Revenues and savings
The platform says it will be able to boost government revenues over the four years by $51.8 billion, with $20 billion of that coming from tariffs alone in 2025-26.
The Liberal platform only accounts for tariff revenue in the first year of its four-year plan. Carney explained Saturday that to count on that revenue in years out would not be “prudent.”
“We don’t want to rely on those tariff revenues. Canada is not America, so you might see other parties who assume that’s going to continue and that’s going to be a source of revenue. That’s a bad outcome for the country,” Carney said.
“We don’t think that to assume that those tariff revenues are in place is prudent at all.”
The rest of the projected increase in revenue will come from two sources.
The first revenue stream will come from increasing tax penalties and fines through the Canada Revenue Agency (CRA) to the tune of $3.8 billion over four years.
The second will come from “increased government efficiency,” which will begin with $6 billion in savings in 2026-27, rising to $9 billion the following year and hitting a peak of $13 billion a year in 2028-29.
The platform follows on Carney’s promise to separate operational spending, the annual cost of programs and other expenditures from capital investments — that is, the investment in things like infrastructure.
The operating budget deficit this year is predicted to be just over $9 billion, which the Liberal platform predicts it can get down to just $220 million by 2028-29.

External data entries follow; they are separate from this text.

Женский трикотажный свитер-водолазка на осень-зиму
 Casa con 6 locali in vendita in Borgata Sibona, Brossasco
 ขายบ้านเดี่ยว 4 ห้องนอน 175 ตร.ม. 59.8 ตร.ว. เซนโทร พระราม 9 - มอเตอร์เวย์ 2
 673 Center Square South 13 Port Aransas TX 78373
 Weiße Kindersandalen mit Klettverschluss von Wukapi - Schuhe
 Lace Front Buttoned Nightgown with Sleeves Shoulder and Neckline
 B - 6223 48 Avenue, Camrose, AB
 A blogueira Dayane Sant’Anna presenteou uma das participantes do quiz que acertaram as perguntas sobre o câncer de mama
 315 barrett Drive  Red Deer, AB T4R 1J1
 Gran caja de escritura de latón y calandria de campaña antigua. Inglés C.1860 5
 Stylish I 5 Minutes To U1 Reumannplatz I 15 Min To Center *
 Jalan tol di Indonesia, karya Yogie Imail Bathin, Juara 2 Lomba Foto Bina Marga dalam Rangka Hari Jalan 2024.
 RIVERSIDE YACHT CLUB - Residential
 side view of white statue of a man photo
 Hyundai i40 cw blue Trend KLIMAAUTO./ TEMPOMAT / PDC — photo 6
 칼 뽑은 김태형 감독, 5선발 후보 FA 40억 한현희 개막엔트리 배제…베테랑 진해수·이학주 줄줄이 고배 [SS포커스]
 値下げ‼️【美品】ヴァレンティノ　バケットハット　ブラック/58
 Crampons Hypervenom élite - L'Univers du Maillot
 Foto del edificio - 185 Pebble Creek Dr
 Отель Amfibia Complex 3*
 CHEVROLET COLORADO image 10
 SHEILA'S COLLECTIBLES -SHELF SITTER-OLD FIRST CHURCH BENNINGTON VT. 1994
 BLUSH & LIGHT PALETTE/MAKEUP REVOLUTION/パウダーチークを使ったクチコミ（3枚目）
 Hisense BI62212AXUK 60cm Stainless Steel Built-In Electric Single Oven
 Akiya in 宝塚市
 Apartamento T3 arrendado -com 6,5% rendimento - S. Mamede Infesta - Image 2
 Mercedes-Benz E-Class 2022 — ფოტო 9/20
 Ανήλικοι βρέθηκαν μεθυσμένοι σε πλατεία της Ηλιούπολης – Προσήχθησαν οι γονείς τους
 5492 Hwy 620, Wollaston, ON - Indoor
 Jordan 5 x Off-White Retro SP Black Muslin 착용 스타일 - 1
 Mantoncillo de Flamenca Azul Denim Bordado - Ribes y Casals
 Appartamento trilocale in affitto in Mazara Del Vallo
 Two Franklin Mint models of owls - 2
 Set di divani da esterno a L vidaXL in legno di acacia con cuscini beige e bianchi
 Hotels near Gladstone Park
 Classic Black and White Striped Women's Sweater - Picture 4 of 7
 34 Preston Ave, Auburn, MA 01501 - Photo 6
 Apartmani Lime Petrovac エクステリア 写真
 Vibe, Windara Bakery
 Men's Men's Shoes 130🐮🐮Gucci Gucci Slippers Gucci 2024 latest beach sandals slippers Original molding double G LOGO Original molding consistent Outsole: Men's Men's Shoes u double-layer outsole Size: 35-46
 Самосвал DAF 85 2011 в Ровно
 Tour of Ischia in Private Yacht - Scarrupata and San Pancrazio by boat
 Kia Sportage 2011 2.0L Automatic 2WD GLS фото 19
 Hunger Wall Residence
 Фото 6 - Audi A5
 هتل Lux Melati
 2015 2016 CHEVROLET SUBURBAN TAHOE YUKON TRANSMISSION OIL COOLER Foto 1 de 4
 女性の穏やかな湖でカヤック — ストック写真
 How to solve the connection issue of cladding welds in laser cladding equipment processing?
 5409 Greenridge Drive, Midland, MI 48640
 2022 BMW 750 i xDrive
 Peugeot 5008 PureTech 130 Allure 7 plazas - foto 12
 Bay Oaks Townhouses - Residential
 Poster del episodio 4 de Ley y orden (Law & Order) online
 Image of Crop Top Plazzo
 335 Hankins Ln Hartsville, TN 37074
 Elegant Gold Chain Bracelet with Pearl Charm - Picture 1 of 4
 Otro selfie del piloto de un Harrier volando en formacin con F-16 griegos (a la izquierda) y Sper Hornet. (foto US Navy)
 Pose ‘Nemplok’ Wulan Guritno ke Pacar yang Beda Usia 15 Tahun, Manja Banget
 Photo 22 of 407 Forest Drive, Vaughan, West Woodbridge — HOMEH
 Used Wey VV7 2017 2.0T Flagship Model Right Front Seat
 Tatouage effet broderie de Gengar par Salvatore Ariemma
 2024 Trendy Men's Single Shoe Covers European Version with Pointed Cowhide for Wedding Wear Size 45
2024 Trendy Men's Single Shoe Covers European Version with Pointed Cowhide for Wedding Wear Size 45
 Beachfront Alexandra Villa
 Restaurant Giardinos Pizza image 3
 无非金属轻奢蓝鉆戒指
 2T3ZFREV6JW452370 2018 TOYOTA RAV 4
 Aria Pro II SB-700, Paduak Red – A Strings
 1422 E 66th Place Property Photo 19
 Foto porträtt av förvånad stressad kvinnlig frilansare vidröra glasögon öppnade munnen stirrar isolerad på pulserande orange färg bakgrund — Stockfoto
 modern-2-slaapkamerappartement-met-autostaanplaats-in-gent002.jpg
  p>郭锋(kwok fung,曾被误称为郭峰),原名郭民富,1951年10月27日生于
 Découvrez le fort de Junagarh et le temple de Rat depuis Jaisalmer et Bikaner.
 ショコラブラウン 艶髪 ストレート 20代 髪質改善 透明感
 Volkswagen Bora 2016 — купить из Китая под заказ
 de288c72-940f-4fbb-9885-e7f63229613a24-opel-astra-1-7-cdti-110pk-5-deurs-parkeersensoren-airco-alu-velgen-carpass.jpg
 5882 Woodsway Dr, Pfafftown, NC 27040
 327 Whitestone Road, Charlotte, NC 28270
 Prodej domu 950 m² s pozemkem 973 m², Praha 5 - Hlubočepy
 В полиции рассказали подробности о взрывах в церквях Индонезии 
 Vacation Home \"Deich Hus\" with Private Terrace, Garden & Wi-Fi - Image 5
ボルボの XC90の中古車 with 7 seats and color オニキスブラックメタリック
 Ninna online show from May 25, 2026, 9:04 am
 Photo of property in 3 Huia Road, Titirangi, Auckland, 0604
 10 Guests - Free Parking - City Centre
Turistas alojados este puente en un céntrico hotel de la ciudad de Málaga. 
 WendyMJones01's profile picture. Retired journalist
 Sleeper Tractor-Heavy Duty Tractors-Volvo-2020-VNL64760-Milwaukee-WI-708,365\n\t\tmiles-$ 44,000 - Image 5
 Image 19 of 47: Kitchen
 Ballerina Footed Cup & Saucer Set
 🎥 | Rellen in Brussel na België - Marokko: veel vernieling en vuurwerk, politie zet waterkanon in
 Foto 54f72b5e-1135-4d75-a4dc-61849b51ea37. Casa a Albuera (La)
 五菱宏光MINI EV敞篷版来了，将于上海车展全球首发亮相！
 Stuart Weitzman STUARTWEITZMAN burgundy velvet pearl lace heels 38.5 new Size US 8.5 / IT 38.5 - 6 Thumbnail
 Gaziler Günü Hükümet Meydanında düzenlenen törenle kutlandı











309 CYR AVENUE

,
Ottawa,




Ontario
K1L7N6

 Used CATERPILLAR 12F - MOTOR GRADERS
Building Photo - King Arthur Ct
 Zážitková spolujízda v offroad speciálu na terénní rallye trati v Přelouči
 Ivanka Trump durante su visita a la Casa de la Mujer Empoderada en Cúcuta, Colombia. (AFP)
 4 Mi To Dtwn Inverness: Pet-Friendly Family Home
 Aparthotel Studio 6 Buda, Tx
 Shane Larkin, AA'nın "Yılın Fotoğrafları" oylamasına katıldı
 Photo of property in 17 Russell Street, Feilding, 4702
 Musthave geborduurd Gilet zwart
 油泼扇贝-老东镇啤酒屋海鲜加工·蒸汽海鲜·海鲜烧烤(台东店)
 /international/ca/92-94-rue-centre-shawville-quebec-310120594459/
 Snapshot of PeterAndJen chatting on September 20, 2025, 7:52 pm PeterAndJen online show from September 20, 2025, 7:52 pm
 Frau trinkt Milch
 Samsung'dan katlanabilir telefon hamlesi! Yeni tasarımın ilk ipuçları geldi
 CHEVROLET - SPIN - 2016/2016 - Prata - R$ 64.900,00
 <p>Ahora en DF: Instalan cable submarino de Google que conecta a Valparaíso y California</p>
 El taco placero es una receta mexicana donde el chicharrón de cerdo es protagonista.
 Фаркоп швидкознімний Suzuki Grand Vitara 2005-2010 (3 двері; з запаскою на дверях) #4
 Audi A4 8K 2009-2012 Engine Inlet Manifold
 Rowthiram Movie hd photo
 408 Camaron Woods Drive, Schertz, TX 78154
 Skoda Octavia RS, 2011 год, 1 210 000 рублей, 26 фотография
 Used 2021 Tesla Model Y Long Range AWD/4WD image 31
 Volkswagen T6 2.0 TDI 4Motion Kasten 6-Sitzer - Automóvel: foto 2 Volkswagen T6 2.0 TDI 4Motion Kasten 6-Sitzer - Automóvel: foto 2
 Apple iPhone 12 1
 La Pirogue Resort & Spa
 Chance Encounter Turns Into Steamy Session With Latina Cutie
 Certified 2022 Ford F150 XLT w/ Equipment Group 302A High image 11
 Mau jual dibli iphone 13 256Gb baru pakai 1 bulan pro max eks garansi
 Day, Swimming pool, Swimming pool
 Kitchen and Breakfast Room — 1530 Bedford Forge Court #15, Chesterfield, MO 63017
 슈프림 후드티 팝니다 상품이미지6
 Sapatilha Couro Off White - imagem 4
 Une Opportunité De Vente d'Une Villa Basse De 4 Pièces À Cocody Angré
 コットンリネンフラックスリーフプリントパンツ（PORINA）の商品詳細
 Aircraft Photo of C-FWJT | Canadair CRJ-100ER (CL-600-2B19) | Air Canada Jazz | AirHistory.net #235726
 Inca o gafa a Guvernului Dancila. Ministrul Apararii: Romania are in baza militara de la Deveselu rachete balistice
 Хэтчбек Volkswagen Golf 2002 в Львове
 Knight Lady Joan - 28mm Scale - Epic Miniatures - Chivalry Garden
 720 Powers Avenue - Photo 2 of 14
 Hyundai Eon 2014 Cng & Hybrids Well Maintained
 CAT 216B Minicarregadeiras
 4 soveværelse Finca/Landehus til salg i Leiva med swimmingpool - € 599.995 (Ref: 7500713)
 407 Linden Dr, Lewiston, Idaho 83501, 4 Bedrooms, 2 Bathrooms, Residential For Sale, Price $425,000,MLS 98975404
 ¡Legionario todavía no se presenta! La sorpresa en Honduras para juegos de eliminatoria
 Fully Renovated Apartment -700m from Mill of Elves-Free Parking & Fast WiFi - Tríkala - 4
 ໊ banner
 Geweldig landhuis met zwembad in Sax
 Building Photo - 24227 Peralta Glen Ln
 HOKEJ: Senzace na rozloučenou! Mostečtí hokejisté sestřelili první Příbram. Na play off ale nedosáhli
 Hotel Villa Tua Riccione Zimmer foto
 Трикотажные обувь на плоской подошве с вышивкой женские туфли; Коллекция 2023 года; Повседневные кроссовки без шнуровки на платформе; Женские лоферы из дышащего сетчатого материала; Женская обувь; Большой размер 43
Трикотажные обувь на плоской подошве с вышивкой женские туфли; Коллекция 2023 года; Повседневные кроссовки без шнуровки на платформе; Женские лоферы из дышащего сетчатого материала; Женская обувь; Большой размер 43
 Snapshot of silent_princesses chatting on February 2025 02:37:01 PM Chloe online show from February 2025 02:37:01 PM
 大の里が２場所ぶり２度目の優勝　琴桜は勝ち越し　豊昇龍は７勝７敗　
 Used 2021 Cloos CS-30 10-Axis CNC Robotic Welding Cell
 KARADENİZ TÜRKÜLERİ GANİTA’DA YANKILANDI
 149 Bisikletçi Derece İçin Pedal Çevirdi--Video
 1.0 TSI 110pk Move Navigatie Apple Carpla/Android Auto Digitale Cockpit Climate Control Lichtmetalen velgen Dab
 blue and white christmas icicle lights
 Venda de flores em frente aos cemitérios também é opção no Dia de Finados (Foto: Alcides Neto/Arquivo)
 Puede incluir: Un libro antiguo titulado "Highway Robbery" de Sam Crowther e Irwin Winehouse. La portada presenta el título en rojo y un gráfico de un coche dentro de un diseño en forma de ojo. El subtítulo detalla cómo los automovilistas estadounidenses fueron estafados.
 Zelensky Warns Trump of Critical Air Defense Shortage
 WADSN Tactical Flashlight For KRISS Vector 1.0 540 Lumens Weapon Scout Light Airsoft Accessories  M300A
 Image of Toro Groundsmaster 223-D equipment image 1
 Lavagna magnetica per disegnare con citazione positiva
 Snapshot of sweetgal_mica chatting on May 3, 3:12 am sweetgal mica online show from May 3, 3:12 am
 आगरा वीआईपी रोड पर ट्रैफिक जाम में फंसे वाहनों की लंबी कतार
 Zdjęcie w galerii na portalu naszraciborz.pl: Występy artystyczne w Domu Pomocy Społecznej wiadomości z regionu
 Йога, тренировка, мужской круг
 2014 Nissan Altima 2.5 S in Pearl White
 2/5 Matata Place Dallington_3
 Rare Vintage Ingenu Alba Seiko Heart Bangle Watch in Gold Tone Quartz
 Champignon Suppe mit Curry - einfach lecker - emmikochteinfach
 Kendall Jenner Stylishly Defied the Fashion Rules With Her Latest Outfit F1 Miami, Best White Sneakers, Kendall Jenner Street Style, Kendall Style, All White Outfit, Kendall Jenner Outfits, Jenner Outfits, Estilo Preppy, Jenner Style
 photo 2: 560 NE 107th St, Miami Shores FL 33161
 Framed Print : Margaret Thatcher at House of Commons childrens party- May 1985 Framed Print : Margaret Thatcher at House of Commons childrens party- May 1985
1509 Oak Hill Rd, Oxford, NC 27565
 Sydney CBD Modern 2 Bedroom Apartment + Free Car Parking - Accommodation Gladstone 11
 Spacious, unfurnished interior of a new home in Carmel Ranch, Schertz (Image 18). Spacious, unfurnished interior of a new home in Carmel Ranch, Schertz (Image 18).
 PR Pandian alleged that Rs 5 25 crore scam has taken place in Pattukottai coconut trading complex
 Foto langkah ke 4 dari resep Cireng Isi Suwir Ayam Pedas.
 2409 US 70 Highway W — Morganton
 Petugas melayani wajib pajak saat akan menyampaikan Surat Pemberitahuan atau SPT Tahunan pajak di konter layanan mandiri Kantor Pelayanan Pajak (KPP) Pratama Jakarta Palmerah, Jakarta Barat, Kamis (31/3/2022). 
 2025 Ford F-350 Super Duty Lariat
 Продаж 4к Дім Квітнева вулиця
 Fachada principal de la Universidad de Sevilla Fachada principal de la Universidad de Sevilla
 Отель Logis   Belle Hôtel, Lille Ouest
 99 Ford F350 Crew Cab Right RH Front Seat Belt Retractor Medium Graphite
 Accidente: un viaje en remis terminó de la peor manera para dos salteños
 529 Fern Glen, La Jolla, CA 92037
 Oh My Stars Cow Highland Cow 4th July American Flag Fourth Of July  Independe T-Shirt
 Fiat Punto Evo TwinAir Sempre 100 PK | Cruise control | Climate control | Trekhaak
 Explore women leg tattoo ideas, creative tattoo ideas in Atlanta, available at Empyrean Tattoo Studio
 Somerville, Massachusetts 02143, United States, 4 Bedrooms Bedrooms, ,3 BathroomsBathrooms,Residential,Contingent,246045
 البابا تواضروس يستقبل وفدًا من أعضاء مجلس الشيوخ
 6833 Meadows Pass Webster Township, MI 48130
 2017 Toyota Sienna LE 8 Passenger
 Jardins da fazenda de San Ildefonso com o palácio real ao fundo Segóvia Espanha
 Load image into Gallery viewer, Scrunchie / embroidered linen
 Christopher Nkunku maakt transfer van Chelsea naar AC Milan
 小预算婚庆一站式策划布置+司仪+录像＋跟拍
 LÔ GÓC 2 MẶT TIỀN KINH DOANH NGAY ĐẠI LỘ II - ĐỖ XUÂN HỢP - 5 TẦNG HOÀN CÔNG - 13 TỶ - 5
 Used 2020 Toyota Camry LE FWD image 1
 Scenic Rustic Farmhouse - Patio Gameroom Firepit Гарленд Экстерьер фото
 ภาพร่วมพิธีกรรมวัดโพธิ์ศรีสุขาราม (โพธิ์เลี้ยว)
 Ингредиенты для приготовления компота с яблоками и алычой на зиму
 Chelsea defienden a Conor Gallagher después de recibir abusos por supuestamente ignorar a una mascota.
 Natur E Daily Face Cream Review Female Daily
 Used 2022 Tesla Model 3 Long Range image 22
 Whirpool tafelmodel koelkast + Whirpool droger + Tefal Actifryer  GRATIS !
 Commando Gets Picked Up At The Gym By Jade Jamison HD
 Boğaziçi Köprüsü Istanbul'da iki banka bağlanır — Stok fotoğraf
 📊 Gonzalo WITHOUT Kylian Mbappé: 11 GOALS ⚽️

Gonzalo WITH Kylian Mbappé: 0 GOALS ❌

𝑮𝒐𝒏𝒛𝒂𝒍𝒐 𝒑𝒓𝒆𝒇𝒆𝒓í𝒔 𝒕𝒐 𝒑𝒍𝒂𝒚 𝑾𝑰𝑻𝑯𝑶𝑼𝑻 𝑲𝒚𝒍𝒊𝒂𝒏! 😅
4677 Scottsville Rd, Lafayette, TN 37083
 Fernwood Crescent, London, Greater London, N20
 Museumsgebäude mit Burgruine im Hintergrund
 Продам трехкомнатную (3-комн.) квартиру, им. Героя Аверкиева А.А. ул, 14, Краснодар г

Overall, in 2025-26 the Liberal platform predicts that the annual deficit will be 1.96 per cent of GDP at $62.3 billion. The following year, the debt-to-GDP ratio would drop to 1.83 per cent as the annual deficit shrinks slightly to about $60 billion.
In 2027-28 the deficit would drop again to just under $55 billion (1.61 per cent of GDP) before shrinking further in 2028-29 to $48 billion, which is 1.35 per cent of GDP.
In the fall economic statement the deficit in 2025-26 was projected to be $42.2 billion, before dropping to $31 billion in 2026-27, $30.4 billion in 2027-28 and $27.8 billion in 2028-29.